I had one more installation to view. I entered through the heavy curtains of A Lot of Sorrow. In the dark viewing room a huge screen showed The National as they performed a melancholic song called “Sorrow.”

This was no ordinary performance. Ragnar Kjartansson had asked the band to perform the song without breaks for six consecutive hours.  The National agreed and  played their sorrowful song for 105 times to a committed, cheering crowd at the NYC MoMa in 2013.

I sat down on the carpeted floor, my back to the wall and started listening. After half an hour, I could no longer tell whether the sorrow that filled the room belonged to The National, to Ragnar, or to me.

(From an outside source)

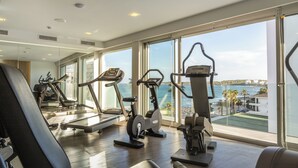 Uma academia com máquinas de cardio, um remo e vista para o mar através de amplas janelas.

Tears started flowing out of my eyes, blurring the image of the band dressed in black and white. Wet cheaks and puffy eyes, I kept listening. I watched sorrow unfold before me.

It was the sorrow of the thought that I had wasted my life. Ragnar Kjartansson’s commitment to his art, his commitment to the nourishment of his inner child reminded me of all the ways I had abandoned my own.

When I left the Barbican Gallery, I sat down at a café outside and wrote, because that’s all I could do. I still didn’t know what adults do all day. But I knew many feel that they have wasted it. Some—like the poet James Wright “Lying in a Hammock at William Duffy’s Farm in Pine Island, Minnesota”—fear they might have wasted not just their day, but their entire life.

Adults do all kinds of things with their day. And those who master the art of living commit to viewing the world through the eyes of the child that never grows up.